A Thai military official has denied saying that Cambodian Cham Muslims are linked to the Islamic insurgency in Thailand, explaining that he only said a large number of Chams have entered Thailand and disappeared, a Thai newspaper reported Tuesday.
The Bangkok Post reported Saturday that General Wattanachai Chaimuenwong, a close aide to Thai Prime Minister Surayud Chulanont, had said that Cambodians linked to Jemaah Islamiyah were joining the separatist insurgency and infiltrating religious schools in southern Thailand.
But Wattanachai denied making the allegations Tuesday and said that he issued a clarification that he asked Thai officials to send to the Cambodian government, according to The Nation newspaper’s website.
“What I said is that there are a large number of Cambodian Muslims entering Thailand but they disappeared,” The Nation quoted him as saying.

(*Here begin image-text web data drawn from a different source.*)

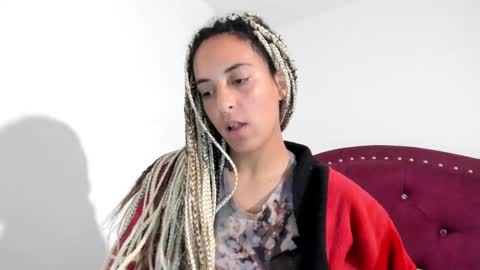 elizabeth  ju   online show from 01.31.25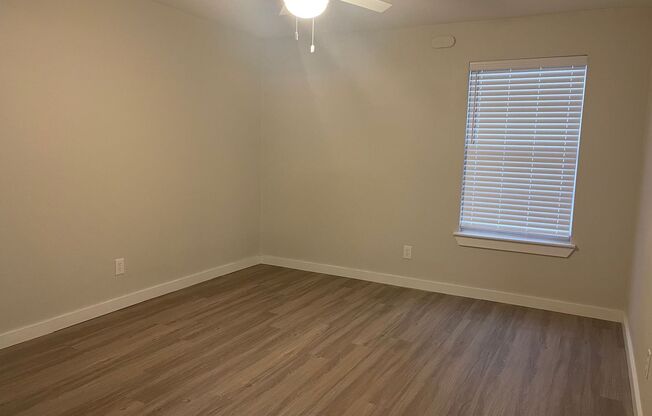 2 beds, 1 bath, 900 sqft, $1,550, Unit LAW7-112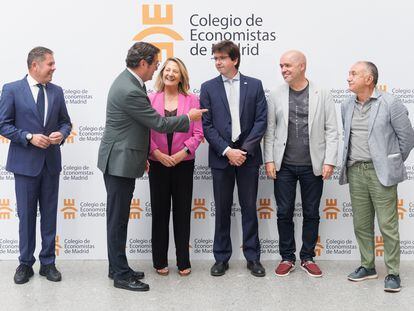 Foto de familia de los asistentes a la conferencia sobre el diálogo social y los retos del mercado laboral, en la Facultad de Económicas de la Complutense, a 3 de octubre de 2023, en Pozuelo de Alarcón (Madrid).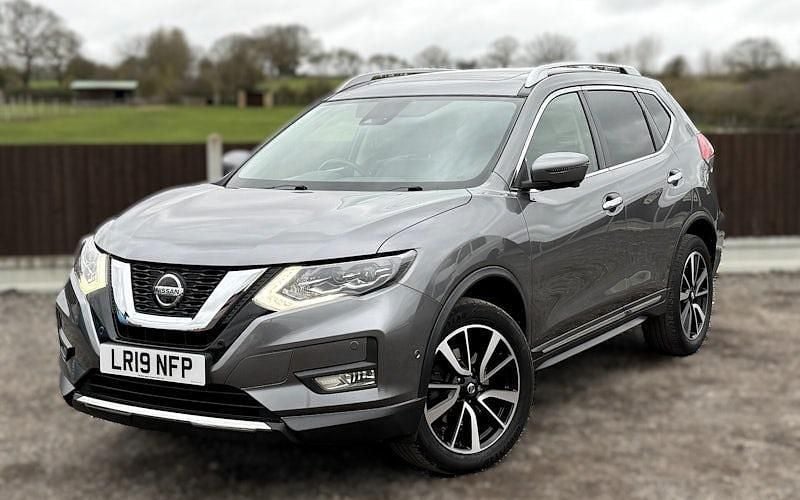 Used Nissan X-Trail Tekna 160 HP (117 kW) 2019 Grey SUV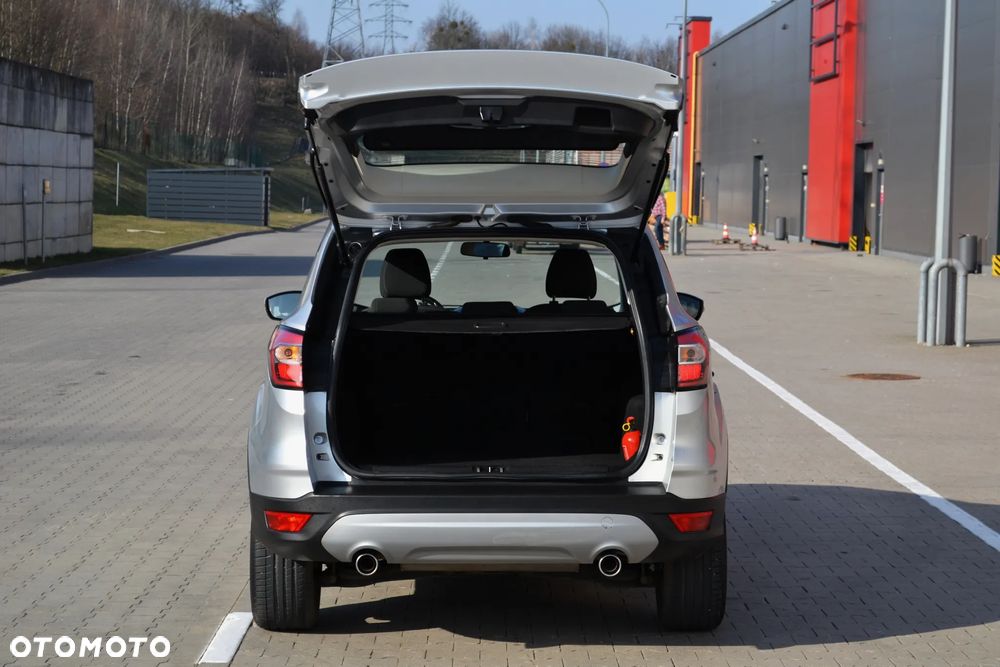 Ford Kuga 2.0 TDCi 4WD Trend - 29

Information Minister Khieu Kanharith said that he had not yet received Wattanachai’s clarification, but added that the statement should have also addressed the request made by Thai military officials to stop issuing visas for Cambodian Muslims.

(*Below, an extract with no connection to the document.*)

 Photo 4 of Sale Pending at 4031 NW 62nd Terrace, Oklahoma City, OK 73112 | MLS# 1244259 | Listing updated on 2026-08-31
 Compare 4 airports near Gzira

“The whereabouts of [Cambodian Muslims] is not sufficient to make that sort of request, in fact the Thai security service must do its homework,” Khieu Kanharith wrote in an e-mail.
Othsman Hassan, CPP secretary of state for the Labor Ministry and prominent member of the Cham community, said that the majority of Cambodian Muslims traveling to Thailand were looking for work.
The Foreign and Labor ministries have already banned all Cambodians from working in the three southernmost provinces of Thailand because of the escalating violence in the region, he added.
Pich Saran, immigration police chief at the Poipet border checkpoint, said Sunday that only about two or three Chams are crossing into Thailand each day, due to Thailand’s tightened immigration policy.